Question

In Δ ABC, if ∠B = 60°, ∠C = 80° and the bisectors of angles ∠ABC and ∠ACB meet at a point O, then find the measure of ∠BOC.

Answer 1

The measure of ∠BOC = 110°.

Step-by-step explanation:

Given data:

In ΔABC, ∠B = 60°, ∠C = 80°

The bisectors of angles ∠ABC and ∠ACB meet at O.

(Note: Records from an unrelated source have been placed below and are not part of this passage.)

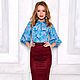 Order Blue blouse with a bow 'Roses', blouse for office flowers. mozaika-rus. Livemaster. . Blouses Фото №3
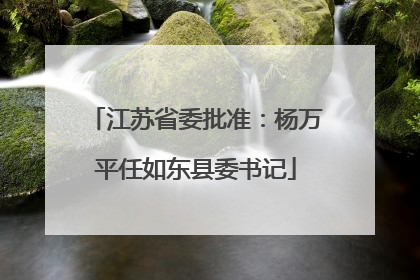 江苏省委批准：杨万平任如东县委书记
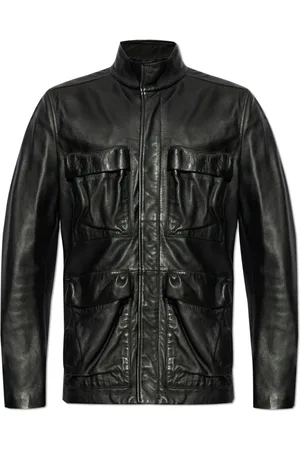 Diesel Jassen, Heren, Zwart, S, Leer, Leren Jas L-Gast
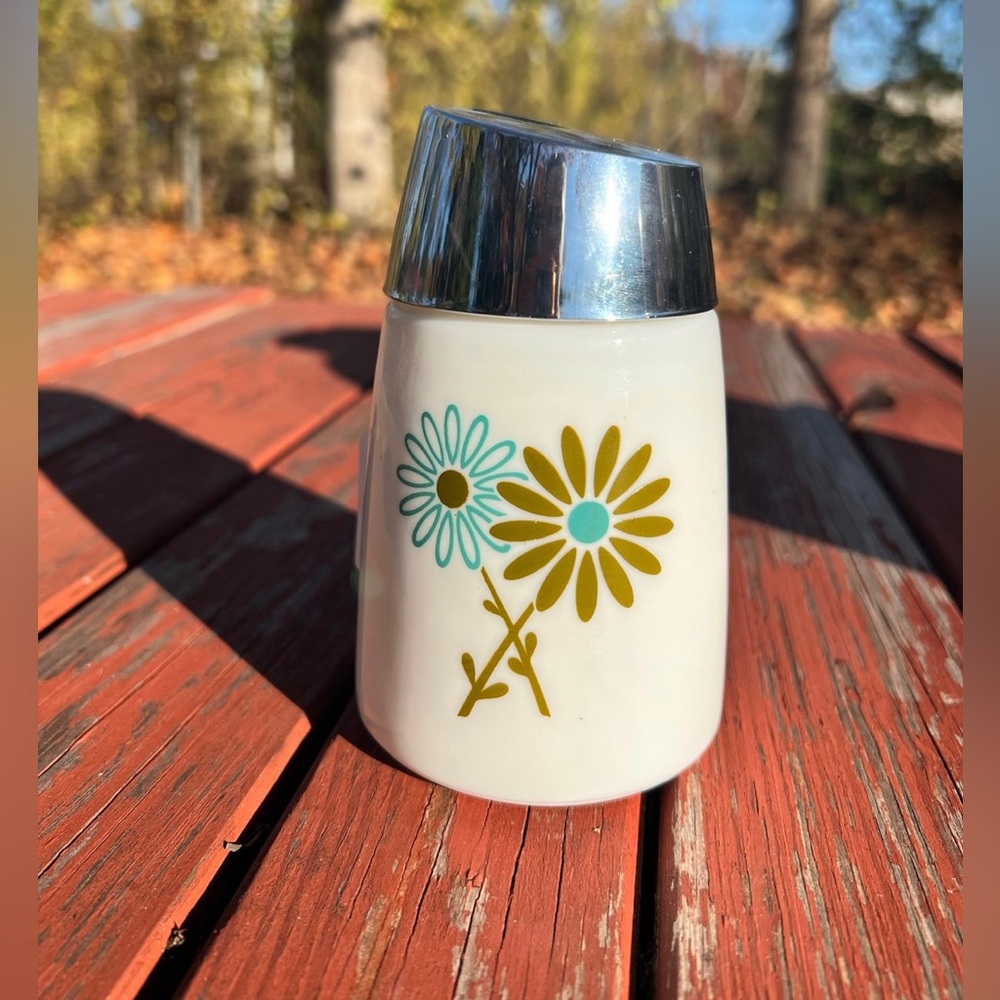 Vintage Milk Glass w/ Daisies Sugar Dispenser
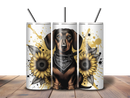 20oz Skinny Tumbler Printed Paper - Puppy Sunflowers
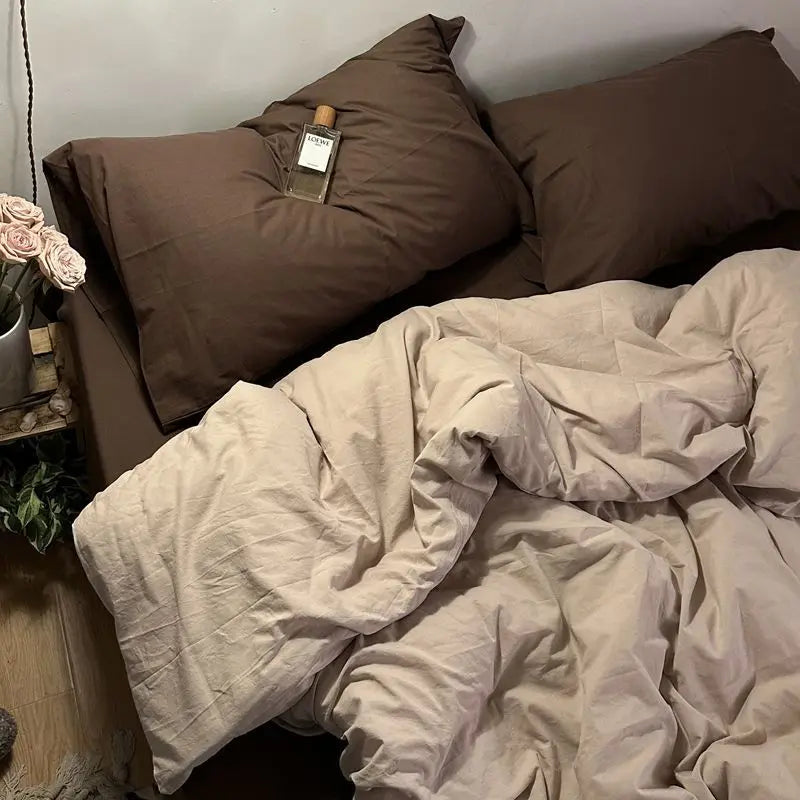 Bedding Set Ins Ambiance Blue Coffee Grid Mixed With Washed Cotton Minimalist Four Piece Set Fitted Sheets Duvet Cover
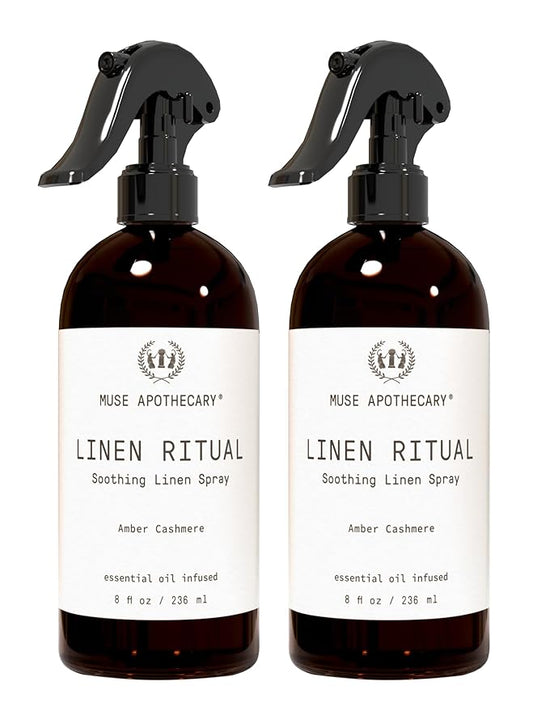 Muse Apothecary Linen Ritual - Aromatic, Soothing, and Relaxing Linen Mist, Laundry and Fabric Spray - Infused with Aromatherapy Essential Oils - 8 oz, Amber Cashmere, 2 Pack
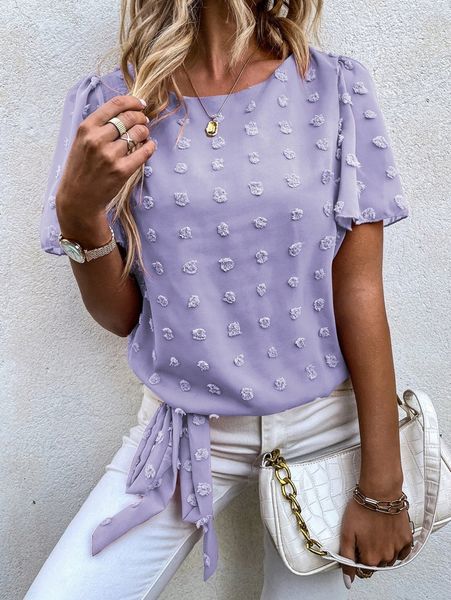 

swiss dot butterfly sleeve knot hem blouse i9ca#, White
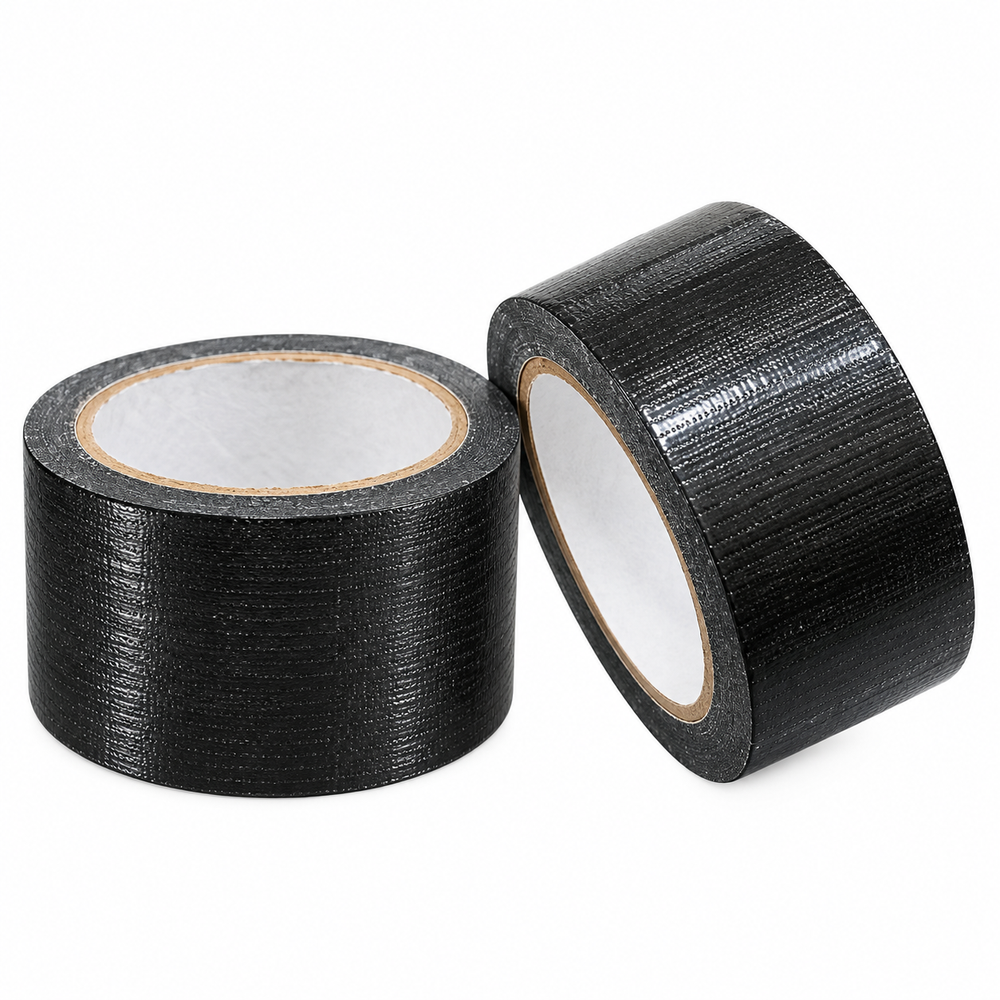 Duct tape 2 inch x 20 m, two black cloth duct tape rolls, one lying and one standing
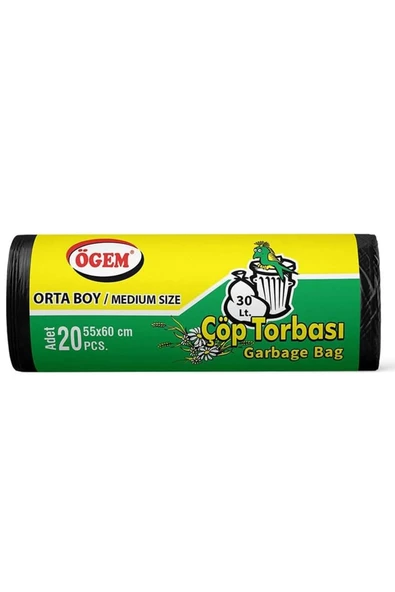 Orta Boy Çöp Torbası 55 x 60 cm 20 Li Rulo x 5 Paket = 100 Adet (Siyah)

Since BO is the bisector of ∠B.

$\angle \mathrm{OBC}=\frac{1}{2}\angle B$

          $=\frac{1}{2}\left(60^{\circ}\right)$

          = 30°

∠OBC = 30°

Similarly, OC is the bisector of ∠C.

$\angle \mathrm{OCB}=\frac{1}{2}\angle C$

          $=\frac{1}{2}\left(80^{\circ}\right)$

          = 40°

∠OCB = 40°

In ΔBOC,

Angle sum property of triangle,

$\angle \mathrm{OCB}+\angle \mathrm{OBC}+\angle \mathrm{BOC}=180^{\circ}$

$30^{\circ}+40^{\circ}+\angle \mathrm{BOC}=180^{\circ}$

$\angle \mathrm{BOC}+70^{\circ}=180^{\circ}$

$\angle \mathrm{BOC}=180^{\circ}-70^{\circ}$

$\angle \mathrm{BOC}=110^{\circ}$

The measure of ∠BOC = 110°.

To learn more...

1. In the figure , sides AB and AC of triangle ABC are produced to point E and D respectively . if bisectors BO and CO of angle CBE and angle BCD respectively meet at point O, then prove that angle BOC =90°-1/2 angle BAC .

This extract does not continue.